» TASK ITEM
Give the lines below again exactly, starting with the line that holds "Delicate blue flowers, gold" and going on through the line that holds "Автомобільний зарядний пристрій".

[[ SOURCE DATA, beginning ]]

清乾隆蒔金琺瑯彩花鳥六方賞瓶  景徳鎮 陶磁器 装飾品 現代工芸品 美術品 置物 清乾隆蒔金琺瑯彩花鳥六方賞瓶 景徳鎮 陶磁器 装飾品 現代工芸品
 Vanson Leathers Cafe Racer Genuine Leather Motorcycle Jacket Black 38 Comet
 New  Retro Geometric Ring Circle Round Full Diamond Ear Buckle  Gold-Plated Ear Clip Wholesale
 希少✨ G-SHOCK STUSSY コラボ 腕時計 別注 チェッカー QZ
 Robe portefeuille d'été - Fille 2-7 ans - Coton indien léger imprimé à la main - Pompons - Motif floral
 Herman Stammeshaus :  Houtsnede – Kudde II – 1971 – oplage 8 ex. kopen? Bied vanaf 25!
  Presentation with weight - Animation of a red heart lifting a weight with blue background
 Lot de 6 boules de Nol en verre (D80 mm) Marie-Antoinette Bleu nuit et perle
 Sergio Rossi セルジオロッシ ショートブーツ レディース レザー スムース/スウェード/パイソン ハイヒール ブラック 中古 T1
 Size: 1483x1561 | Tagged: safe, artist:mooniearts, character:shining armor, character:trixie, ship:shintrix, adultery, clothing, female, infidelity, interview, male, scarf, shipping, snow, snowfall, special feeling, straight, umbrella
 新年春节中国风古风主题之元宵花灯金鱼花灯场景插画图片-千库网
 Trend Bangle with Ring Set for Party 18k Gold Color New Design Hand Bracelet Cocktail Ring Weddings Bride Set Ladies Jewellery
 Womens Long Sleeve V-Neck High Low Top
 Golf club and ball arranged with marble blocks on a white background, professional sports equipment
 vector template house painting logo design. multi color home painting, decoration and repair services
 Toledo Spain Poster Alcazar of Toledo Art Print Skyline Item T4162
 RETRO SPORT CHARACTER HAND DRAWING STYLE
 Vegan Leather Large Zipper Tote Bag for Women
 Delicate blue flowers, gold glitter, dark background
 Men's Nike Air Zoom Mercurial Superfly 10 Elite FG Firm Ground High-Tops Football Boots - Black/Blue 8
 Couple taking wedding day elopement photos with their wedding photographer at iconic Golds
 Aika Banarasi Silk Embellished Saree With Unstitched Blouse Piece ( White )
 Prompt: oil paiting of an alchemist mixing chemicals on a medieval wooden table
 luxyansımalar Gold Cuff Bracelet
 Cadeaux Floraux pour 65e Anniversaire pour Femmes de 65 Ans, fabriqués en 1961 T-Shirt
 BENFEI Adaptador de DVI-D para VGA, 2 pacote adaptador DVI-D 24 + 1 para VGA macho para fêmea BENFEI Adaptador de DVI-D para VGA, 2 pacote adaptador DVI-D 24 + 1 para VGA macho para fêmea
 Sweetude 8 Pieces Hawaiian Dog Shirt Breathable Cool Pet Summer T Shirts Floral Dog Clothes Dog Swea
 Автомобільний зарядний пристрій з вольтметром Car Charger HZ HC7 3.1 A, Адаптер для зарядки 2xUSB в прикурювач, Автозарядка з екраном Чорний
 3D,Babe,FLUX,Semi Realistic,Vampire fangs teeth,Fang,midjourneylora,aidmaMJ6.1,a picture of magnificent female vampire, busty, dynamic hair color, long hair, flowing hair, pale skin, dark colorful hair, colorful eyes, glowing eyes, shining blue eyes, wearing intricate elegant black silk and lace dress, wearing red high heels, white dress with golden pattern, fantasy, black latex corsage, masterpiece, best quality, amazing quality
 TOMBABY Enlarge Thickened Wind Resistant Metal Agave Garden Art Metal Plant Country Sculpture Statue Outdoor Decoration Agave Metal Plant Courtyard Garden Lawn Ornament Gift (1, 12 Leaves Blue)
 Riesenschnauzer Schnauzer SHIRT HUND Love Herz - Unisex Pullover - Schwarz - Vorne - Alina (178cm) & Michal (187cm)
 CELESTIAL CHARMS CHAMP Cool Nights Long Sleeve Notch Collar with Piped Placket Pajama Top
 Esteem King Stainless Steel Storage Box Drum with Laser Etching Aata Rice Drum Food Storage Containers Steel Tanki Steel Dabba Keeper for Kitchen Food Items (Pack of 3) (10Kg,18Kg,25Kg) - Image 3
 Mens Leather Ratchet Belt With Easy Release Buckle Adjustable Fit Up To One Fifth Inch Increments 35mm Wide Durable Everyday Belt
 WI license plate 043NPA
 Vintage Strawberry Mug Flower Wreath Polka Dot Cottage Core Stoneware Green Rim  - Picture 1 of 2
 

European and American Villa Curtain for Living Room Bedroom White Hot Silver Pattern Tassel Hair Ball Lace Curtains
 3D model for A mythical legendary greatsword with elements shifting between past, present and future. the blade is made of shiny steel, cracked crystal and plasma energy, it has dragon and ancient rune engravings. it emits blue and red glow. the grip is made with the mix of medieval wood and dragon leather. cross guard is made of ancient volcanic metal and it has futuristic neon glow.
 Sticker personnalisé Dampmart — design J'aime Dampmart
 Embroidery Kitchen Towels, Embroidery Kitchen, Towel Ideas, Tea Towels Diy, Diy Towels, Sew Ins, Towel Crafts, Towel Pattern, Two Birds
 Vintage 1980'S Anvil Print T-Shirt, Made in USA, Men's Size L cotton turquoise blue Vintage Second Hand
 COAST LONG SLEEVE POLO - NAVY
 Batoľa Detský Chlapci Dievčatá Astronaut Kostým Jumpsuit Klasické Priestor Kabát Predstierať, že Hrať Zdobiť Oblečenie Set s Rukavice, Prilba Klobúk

[[ SOURCE DATA, end ]]

» COMPLETED TASK
 Delicate blue flowers, gold glitter, dark background
 Men's Nike Air Zoom Mercurial Superfly 10 Elite FG Firm Ground High-Tops Football Boots - Black/Blue 8
 Couple taking wedding day elopement photos with their wedding photographer at iconic Golds
 Aika Banarasi Silk Embellished Saree With Unstitched Blouse Piece ( White )
 Prompt: oil paiting of an alchemist mixing chemicals on a medieval wooden table
 luxyansımalar Gold Cuff Bracelet
 Cadeaux Floraux pour 65e Anniversaire pour Femmes de 65 Ans, fabriqués en 1961 T-Shirt
 BENFEI Adaptador de DVI-D para VGA, 2 pacote adaptador DVI-D 24 + 1 para VGA macho para fêmea BENFEI Adaptador de DVI-D para VGA, 2 pacote adaptador DVI-D 24 + 1 para VGA macho para fêmea
 Sweetude 8 Pieces Hawaiian Dog Shirt Breathable Cool Pet Summer T Shirts Floral Dog Clothes Dog Swea
 Автомобільний зарядний пристрій з вольтметром Car Charger HZ HC7 3.1 A, Адаптер для зарядки 2xUSB в прикурювач, Автозарядка з екраном Чорний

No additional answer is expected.